Blow, Charles M. “Fire Shut Up in My Bones”, Mariner Books, 2015.
Dealing with the Past, Living in the Present
One of the things that I have noticed in writings by black men is the way they deal with homosexuality but now we have a gorgeous memoir of a man who does just hat. Charles M. Blow is one of our most respected journalists and he shares with us how he dealt with his past so that he can live well in the present. He tells us in beautiful prose about having to deal with so many major issues— race, gender, class and sexuality not just in the American South and our nation as a whole.
Blow brings us a beautifully written coming of age story with an inspiring and uplifting ending of self-acceptance. We see the world through the eyes of an African-American who was raised in the segregated southern United States. He was the youngest child of a strong and proud mother and a progressive father. His extended family was unique and populated with individuals for whom stereotypes do not fit and neither do expectations. What I find so interesting is that this is not a beautiful story but it is told in beautiful prose.
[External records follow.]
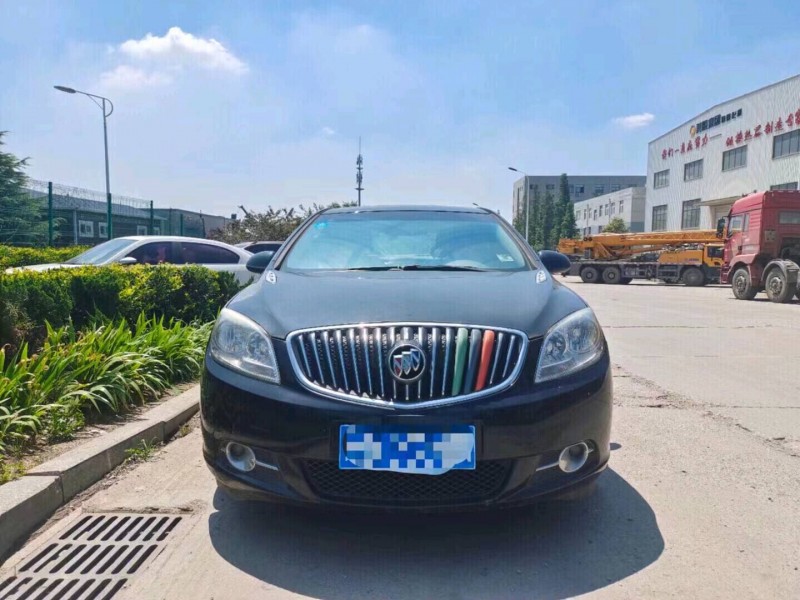 青岛15年别克英朗GT1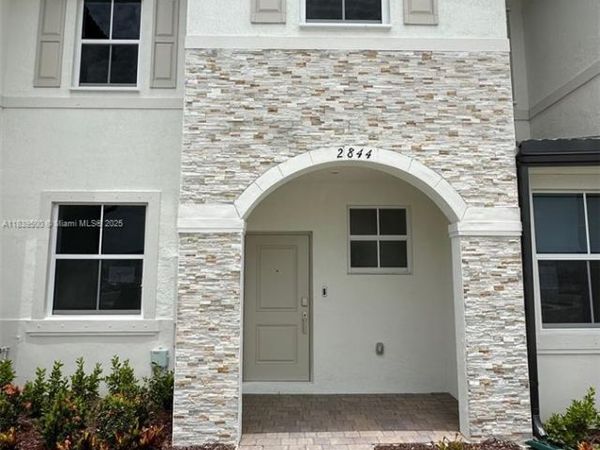 2844 SE 26th Ter, Homestead, FL 33035
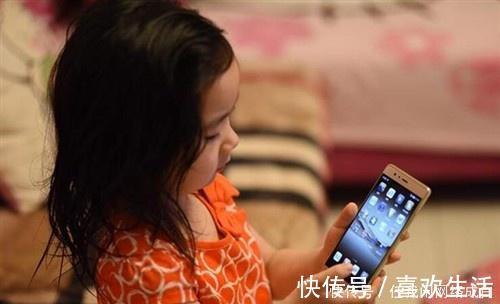 小美好|1岁宝宝偷玩老爸手机,听到爸爸脚步声后,宝宝的反应太机智了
Alongside of sweet moments are tragic ones and the descriptions are so vivid it is as if we are there. Being from the South myself, I found so much to indentify with. We see the characters and even feel as if they are speaking right to us. This is a story of redemption and triumph but only after arduous suffering and pain.
I have always had trouble trying to find an accurate definition for the word “man”. Is it gender or a role to be played as expected by society? Perhaps it is a commitment of some kind. Then I read this story of a young man growing up in rural Louisiana and how he finds his way even with the poverty and abuse that he suffered and shook his beliefs. Here is someone who feels his difference and tries to overcome before he can deal with it. He tells us that he has spent his whole life trying to fit in but then it took the rest of his life to realize that some men are not like others and are meant to stand out from the rest. While the book deals with Blow’s sexuality it is really about finding out what is a man in a place where the rules that had been written and accepted don’t include the “strength that comes from divergence.” Here is a courageous story of an honest man who stops running and realizes who he is.
By reading this we better understand poverty, the south, racism, sex, fear, rage, and love. Here is a guy from a small town who grew up in extreme poverty in the segregationist Deep South and then became a columnist at The New York Times. He suffered through racism and poverty and we read where he took on sexuality, religion and social hierarchy in the African-American community and in doing so has revealed his inner soul and yet he became one “America’s most intriguing public intellectuals.” His story is self-critical and he says things that we cannot ignore and this is a story that few men and even fewer Black men can tell. Blow’s brilliant and self-critical narrative contains truths which no American can afford to ignore, and which few black men have dared to tell.